Note that si_gb is like _mm_movemask_ps, only it takes least significant bits instead of most significant – in case of SSE, we don't need to do comparisons. We can avoid comparisons here by anding dot products directly, and then moving the sign bit to least significant bit (it can be done by rotating each element 1 bit to the left, that's achieved by si_roti(v, 1)), but this is slightly slower, so we won't do it.

Now, the results. The code runs at 376 cycles, which is more than 2 times faster than the previous version, and almost 4 times faster than the original. This speedup is partially because we're doing things more efficiently, partially because we got rid of branches; we'll discuss this the next week. A million calls takes 117 msec, which is still worse than x86 results – but it's not the end of the story. Astonishingly, applying exactly the same optimizations to SSE code results in 81 msec for gcc (which is 30% faster than naively vectorized version), and in 104 msec for msvc8 (which is 40% slower!).

The fastest version is still produced by msvc8 from previous version. This should not be very surprising, as we changed inner loop from performing one dot-product to performing 8 at once, so that shows. We can optimize it in this case by adding early out – after we compute first 4 dot products, we'll check if all of them are positive; if some of them are not, we can safely skip additional 4 dot products and continue to the next iteration. It results in 87 ms for msvc8 and 65 ms for gcc, with gcc-compiled SoA finally being faster than all previous approaches. Of course, this is a worst case for SoA – in case inner loops actually did not terminate after first iteration the performance gain would be greater. Adding the same optimization to SPU code makes it slightly (by 3 cycles) slower; the penalty is tens of cycles if the early out does not happen and we have to compute all 8 dot products, so it's definitely not worth it.

The current source can be grabbed here.

That's all for now – stay tuned for the next weekend's post! Read more!

Sunday, February 8, 2009

View frustum culling optimization – Vectorize me

Last week I've posted some teaser code that will be transformed several times, each time yielding a faster one - “faster” in terms of “taking less cycles for the test case on SPU”. A lot of you probably looked at my admittedly lame excuse for, uhm, math library and want to ask – why the hell do you use scalar code? We're going to address the problem in this issue. This is probably a no-brainer for most of my readers, but this is a good opportunity to introduce some important points about SPUs and introduce some actual vector code before diving further.

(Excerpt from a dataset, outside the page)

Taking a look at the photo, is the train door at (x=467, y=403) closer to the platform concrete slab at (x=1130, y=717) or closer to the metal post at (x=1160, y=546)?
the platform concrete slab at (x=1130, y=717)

But first, we need some background information on SPUs. For the todays post, there is a single important thing to know about SPUs – they are vector processors. Unlike most common architectures (PowerPC, x86, etc.), SPUs have only one register set, which consists of 128-bit vectors. The current implementation has 128 of them, and each register is treated differently in different instructions (you have different instructions for adding two registers as if they contained 4 single precision floats or 16 8-bit integers). The important point is that, while you can compile a piece of scalar code for SPU, it's going to use vector registers and vector instructions; the scalar values are assumed to reside in so called preferred slot – for our current needs, we only care about preferred slot for 32-bit scalars, which is the first one (index 0). Register components are numbered from least address in memory onwards, which is really refreshing after SSE little-endian madness.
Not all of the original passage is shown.